Background & Summary

Hydropower is a critical electricity resource in the United States (U.S.) accounting for an average 6.63% of annual utility scale generation from 2013 to 2023.1 Hydropower can also provide a range of ancillary services such as load factoring, operating reserves, voltage support, and blackstart that are especially valuable as low-cost non-dispatchable resources are added to the grid.2 Despite the importance of hydropower to the grid, there are limited comprehensive datasets available from which to study both historical and future impacts of climate, weather driven energy droughts, and integration of other weather driven generation. In this paper, we present a hydropower generation dataset covering 1,452 hydroelectric plants in the contiguous U.S comprised of both federal and privately owned facilities. The dataset contains monthly and weekly hydropower generation estimates for both historical (1982–2019) and future (2020–2099) periods, the latter containing 4 different climate scenarios.

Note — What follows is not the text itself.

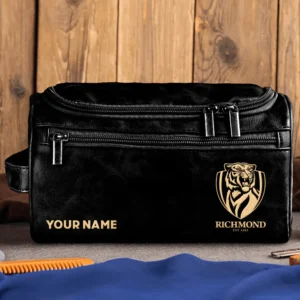 Richmond Tigers AFL Exclusive Logo Personalized Leather Toiletry Bag HOAFL0090525LTB01RICH - Black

Power system models such as production cost models (PCMs) represent the power system as an optimization problem where energy demands are met with both dispatchable resources such as natural gas and non-dispatchable resources such as wind and solar. These models often treat hydropower as a dispatchable resource which requires operational constraints such as power targets, minimum generation, maximum generation, and ramping rates which serve as approximations of true hydropower operations. The data presented here includes these operational constraints and so can be readily used to represent nearly all existing conventional U.S. hydropower generation in power system models.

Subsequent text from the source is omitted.